She flinched as his hold tightened. “You need me alive to…to escape.”
“Alive, aye, but not necessarily…untouched.”
Holden let his eyes rake suggestively over her tempting form, intentionally unnerving her. He knew where her vulnerability lay now, and although it normally went against his principles to prey on a woman’s weaknesses, this woman had proved herself far from weak. He intended to thoroughly disarm her.
Her eyes widened as he drew the dagger slowly, torturously down the front of her bunched shift, between her pale breasts, past her narrow ribs and her hitching abdomen, over her woman’s mound. She drew her breath in sharply through her teeth as he pressed the flat of the cold blade suddenly and intimately between her bare thighs.
He spoke evenly despite his inevitable surge of desire, his gaze burning like a steady flame into her frantically darting eyes. “I have another dagger I’d gladly sheathe here.” He allowed his meaning to sink in. “Now where is Garth?”
This time she didn’t hesitate. “In the dungeon.”
He slipped the dagger from her, and then sat up, planting his knee lightly in the middle of her chest to keep her down. A sharp pain grabbed briefly at his ribs as he snagged the tabard from its perch on the wall and slipped it over his head. He’d been testing his muscles for the last day now. Though he’d feigned weakness, all that remained of his injury were a dull ache and that occasional twinge. Within a day or two, his body would return to its former strength.
“Let’s go,” he told her, placing the blade at her neck once more and prodding her to rise to her feet. He twisted her arm behind her, pushing her toward the door. How frail it felt in his grasp, like the wing of a sparrow. Yet he knew better.

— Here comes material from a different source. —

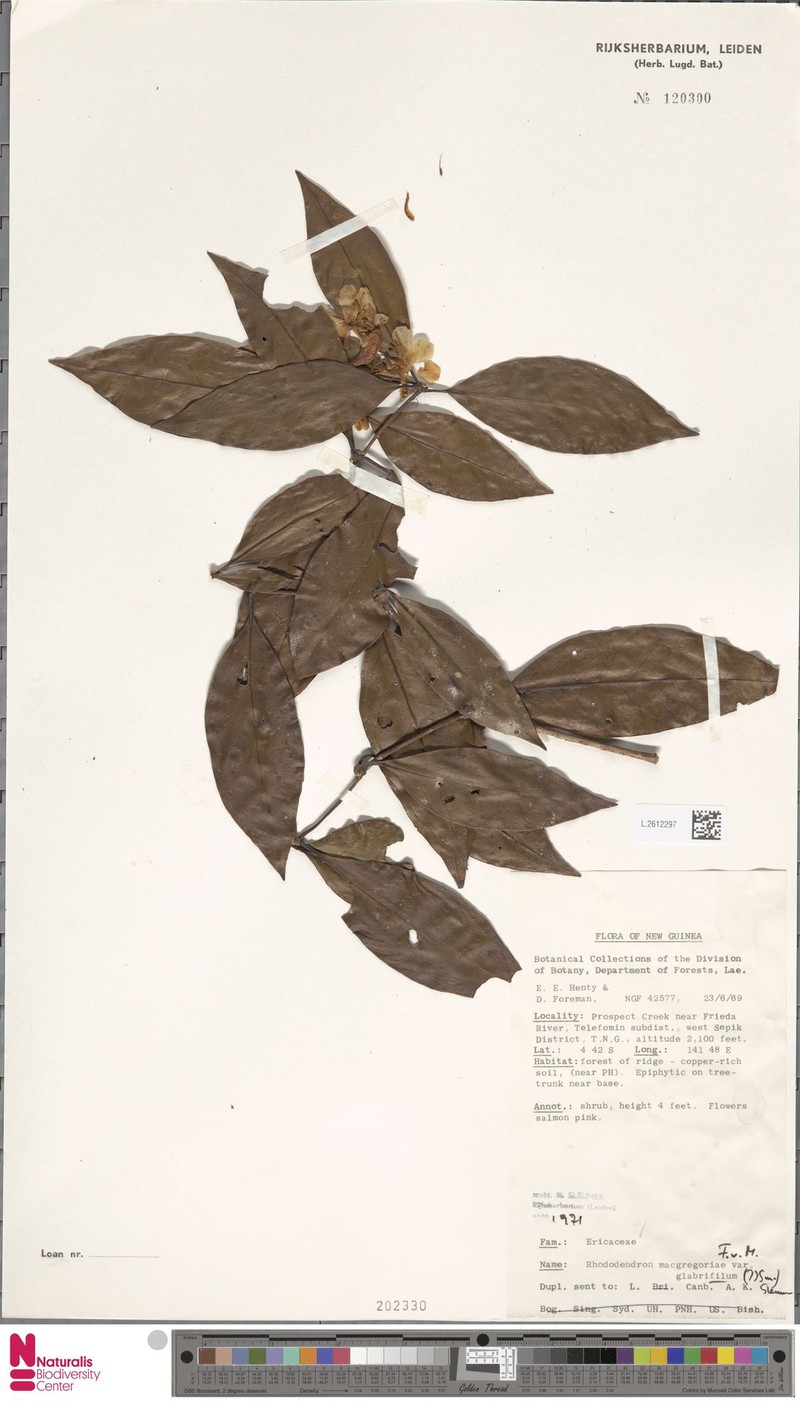 Rhododendron glabrifilum photo 7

This sparrow had flown far with him.
Once, she attempted to call out for help as they made slow progress down the steps. But so swiftly did his dagger react to her intake of breath, the sound was strangled almost before it was begun.
In the great hall, their only company was a groggy serving wench who shuffled about at her labors, taking no notice of them as they skirted the corner of the room and made their way to the dungeon stairs.

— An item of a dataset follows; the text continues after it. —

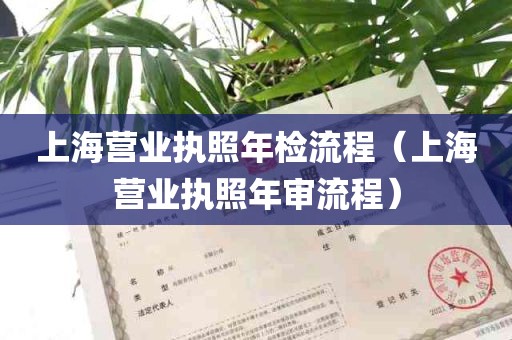 上海营业执照年检流程（上海营业执照年审流程）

As he forced her to traverse the wet, slippery steps in her bare feet, she leaned upon him for dear life, fearing he’d trip on the uneven ground and impale her on his blade. But he was surefooted enough and managed to keep them both upright. Not a drop of her blood was spilled.
At the bottom of the stairs, Blackhaugh’s gaoler sat snoozing on a three-legged stool. Hearing their approach, the man shot to his feet and gawked stupidly back and forth between the two.
“The keys,” Holden said, nodding toward the wall.
“The keys,” the gaoler aped, scratching his head in confusion beneath Cambria’s glare.
The slack-jawed servant hesitated, weighing the consequences of disobeying each of his superiors. In the end, Holden’s wrath evidently overshadowed that of the Gavin laird. Shrugging an apology to his mistress, the gaoler fetched the key ring from the wall.
Holden nodded toward the long row of cells. “Free my brother and his men.”
The gaoler let the breath whistle out through his teeth, but did as he was told. “Aye, my lord.”
Garth and his knights emerged from their cramped quarters with delighted grins on their faces. They seemed no worse for wear from their brief stay in the dungeon, and they looked at Cambria with undisguised triumph.
“You’re all right?” Garth asked him, the hero worship plain in his eyes. “I thought you were…that is, Iknewthey were no match for you.”
Cambria squirmed in mute protest at the insult. Holden renewed his grip on her arm and pressed the steel close against her throat as a reminder.
“The armory,” he directed his brother.
Garth led them there. The armory was well stocked with claymores and daggers and sundry other weapons, and as the de Ware knights armed themselves generously, Holden addressed them.
“We go not to battle, but to make peace,” he said. “The Gavins won’t harm us while we hold their laird. Use the weapons only for defense.”
He paused a moment, taking Cambria’s chin between his thumb and fingers, turning her face up to his. “I have a proposition for the Scots, one that may ensure there’s no more bloodshed.”
Defiance crackled in her gem-hard eyes, and her delicate nostrils flared in outrage. Her cheeks flushed pink, and her lips compressed into an unyielding line. He looked at her curiously and wondered for a moment if he was doing a wise thing. Then he released her jaw and exhaled a long, decisive breath.
This time the serving wench saw them enter the hall. When she beheld her mistress taken captive by a whole assemblage of heavily armed men, she dropped her kettle of water and ran whimpering from the room. In a few moments, the hall was populated by Gavin knights, freshly roused from slumber and meagerly armed. There were less than a score of them.
Holden whispered in Cambria’s ear. “These are all the men that remain?”
“Aye,” she bit out.
Was it desolation he heard in her voice?
He took his time, studying them, measuring the worth of each of the Gavin men carefully before he spoke. “You,” he said to the scowling old, gray-haired gentleman at the fore. “Youmustbe the steward.”